I came home Elm Road to the bypass so I could see that new section. You should go look at it - it's pretty amazing. The northern part goes west of the old road - we could tell that - and the south part is what we were looking at that was going on about a quarter mile east of the old road. And it all look seamless, as if the road has always been there. The neighborhoods that grew up around old Elm Road are still there and have much less traffic. It was done well.
I did something today that most people wouldn't approve of, but I know you'll understand. I took Jefferson to Elm, and this time I turned in at your old rehab place. I drove down there and sat for a minute. It felt just like it did when you were there. (Except that if you were there I'd have straightened the crooked blinds in the window of your old room.) I had strong and mixed emotions every time. The first thing I felt was the flutter of excitement that I was going to get to see you, rather like I felt getting ready for a date in college. The second was dread - what would the news be this time? Would you be better or worse? That feeling became more intense as time went by and you weren't doing well.
I still felt both of those today. That surprised me a little. I'd expected grief. But my emotions skipped right back to the old track, like a record that's been played too many times.

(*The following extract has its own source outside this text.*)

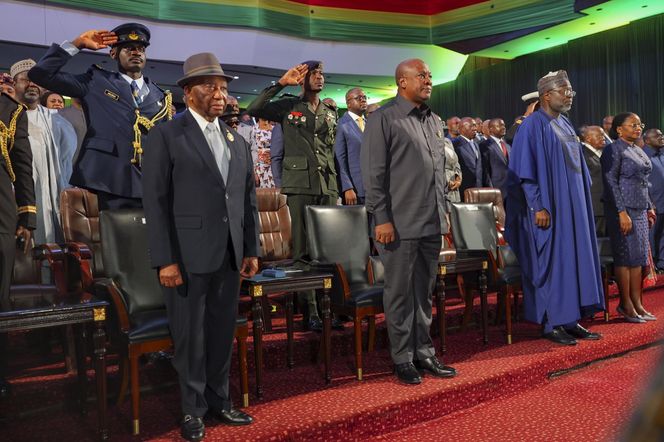 Pękła opona w smaolocie z prezydentem.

This was probably the last time I'll play it - I doubt that I'll go back there again. I don't know why I had to do it today. But it felt right, and this journey has taught me to go with my feelings without having to understand them. As I always said, it's illogical to expect yourself to be logical all the time. You're the only person who ever understood what I meant. It seems obvious to me.
So tonight, thank you for understanding me - the part about being illogical, and my need to go back there today. I thought you were smiling when I turned in to the drive. You understood that I have a deep need for commemoration, for honoring the past. Today I honored that dreadful part of our time together. I honor your courage, patience, and determination. I honor all that you are. I honor both of us for getting though that, by and large, gracefully. And I honor them for doing the best for you that they could.
Now I have to try to sleep, and you have to go check out the new stretch of Elm Road. Yours will by the easier task. Wish me luck!